“Do cameras capture information in a linear space, even when capturing over 14+ stops of dynamic range?
In a 14-bit ADC camera, the brightest stop is represented by 8192 code values (16383-8192), the
next brighest is represented by 4096 code values (8191-4096), and so on and so forth. The
darkest stop (-13 below) is only represented by 2 values (1 or 0).
That’s not a lot of information to work with. If logarithmic coding is understood to mean that
each stop gets an equal number of values, aren’t the camera processors (FPGA/ASIC) merely
interpolating data like crazy in the low end?”
Short answer, yes and no.
Yes, most camera sensors do initially capture (quantize) information linearly in a digital space however, typically with an offset, assigning more than one code value for the darkest stop as typically the linear spaces bit-depth is greater than that of the reconstructed image and some cameras perform multiple samples at different gain levels (Dual Gain Architecture, Dual Gain Output).
No cameras do not typically interpolate a substantial amount of information at the bottom end of the signal and most cameras ‘log’ containers aren’t truly logarithmic. They have a bias towards the bottom end of the signal storing information linearly.
Here’s how and why,
For ease, I’ll break apart the ARRI Alexa – while notably, the camera has famed DGA, several high-end cameras employ similar principles just with a different scheme/circuitry. The ARRI’s Log-C ‘logarithmic’ container is akin to ones used by Sony, RED and other high-end manufacturers. While each one differs in the total latitude each container can hold the principle is the same and the differences are somewhat negligible in this context.
To quote SMPTE RDD30:2014 on ARRIRAW Image File Structure and Interpretation Supporting Deferred Demosaicing to a Logarithmic Encoding – “Photosite values are radiometrically linear representations of the energy they receive, represented as 16-bit unsigned integers, incorporating an offset such that a photosite receiving no energy would have a 16-bit unsigned integer value of 256.”

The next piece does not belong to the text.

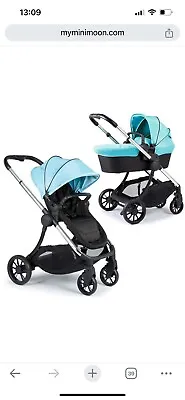 ICandy Lime Glacier Blue Pushchair/ Carrycot Bundle. Buggy Carrycot Pushchair • £190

In this document, they also have the equation that encodes a 16-bit unsigned integer photo site value (which is a linear representation of the energy the photosite receives) to an encoded 12-bit integer value in its Log-C space. Where 𝑣_𝑖 is the encoded 12-bit integer and 𝑣_𝑝 is the unsigned 16-bit linear integer. This will allow a better understanding of how a camera encodes to partially logarithmic ‘container’/values. The equation is as follows –
v_i=\begin{cases} v_p,\ v_p < 1024\\ 512\times q+(v_p\gg q)v_p\geq 1024\end{cases}
Where q is the integer part of the difference \log_2{\left(v_p\right)-9}
The equation above is vague at best and cryptographic. An attempted understanding of the above definition follows. Beforehand, I should note two things – firstly, \gg is a right shift register. x\gg y (example) is a shift register by y places of the binary expression of x. Secondly, the above equation is, from my understanding, an RHS expression dictating an if statement with two different expressions. If a value is under 1024 its value stays the same. A value the same as or over 1024 is ‘compressed’ utilising the bottom expression. This begins to showcase how every logarithmic container isn’t truly ‘logarithmic’ – it doesn’t necessarily compress the bottom part of the curve. As you said above the bottom values are small. With this, there’s no need for interpolating information outside of the initial linear values they are assigned during AD conversion as they are so small and doing so would be redundant.
Defining q bellow
q=\log_2{\left(v_p\right)-9\varepsilon} where 0\le\varepsilon<1
Consequentially 2^q=2^{\log_2}{\left(v_p\right)}\ 2^{-9}2^\varepsilon
Equivalent to (1) 2^q=\frac{v_p}{512}K where 1\le K< 2
With the above stated the bottom can begin to be expressed as (2) v_i={512}_q\frac{v_p}{2^q}
Plugging (1) into (2):
v_i=512q+\frac{v_p}{2^q}
v_i = 512\left(q+K^\prime\right) where 0.5<K^\prime :=\frac{1}{k}\le1
v_i=512(\log_2{\left(v_p\right)-9+\varepsilon+K^\prime)} where \begin{cases} 0.5<K^\prime\le1\\0\le\varepsilon<1\end{cases}
One cannot discern the true value of, sum of K^\prime + \varepsilon one can only determine it’s between 0 and 1.5 a bracket of
512\left(\log_2{(v_p)}-9\right)<\ v_i<512(\log_2{\left(v_p\right)-7.5)}
However, for showcasing how it interprets linear values it’s not entirely necessary. For ease, I wrote a simple function in python to help showcase the above’s interpretation of linear values for the following points. The following python function calculates and shows the encoded highest possible value and the lowest possible value as well as the average of the two. The python function is as follows –
import math
def arrirawdecode(vp):
vp = vp
if vp < 1024:
vp = vp
print(vp)
if vp >= 1024:
vigreater = 512 * (math.log(vp,2) – 9)
viless = 512 * (math.log(vp,2) – 7.5)
viaprox = viless – vigreater
viaprox1 = vigreater + viaprox/2
print(viaprox1,”less than”,viless,”, more than”,vigreater)
260 |
260 |
264 |
264 |
272 |
272 |
288 |
288 |
320 |
320 |
384 |
384 |
512 |
512 |
768 |
768 |
1280 |
1060 |
2304 |
1495 |
4352 |
1964 |
8448 |
2454 |
16640 |
2955 |
33024 |
3461 |
65792 |
3970 |
Note how the first 8+ values are encoded the same as it’s linear value as note the top set ‘if v_p<1024, v_p=v_i’. If the value is below 1024 it will remain the same, preserving the bottom end of the signal. As you say above, there’s no need to interpolate information from these values and compressing them would be quite detrimental. To plot the above information into a simple graph –
Note the similarities between the graph created from the above values (bellow) and the Log-C chart taken from Nick Shaw (above). Also note how at the bottom end of the signal, the darkest stops have substantially less value than the brightest stops.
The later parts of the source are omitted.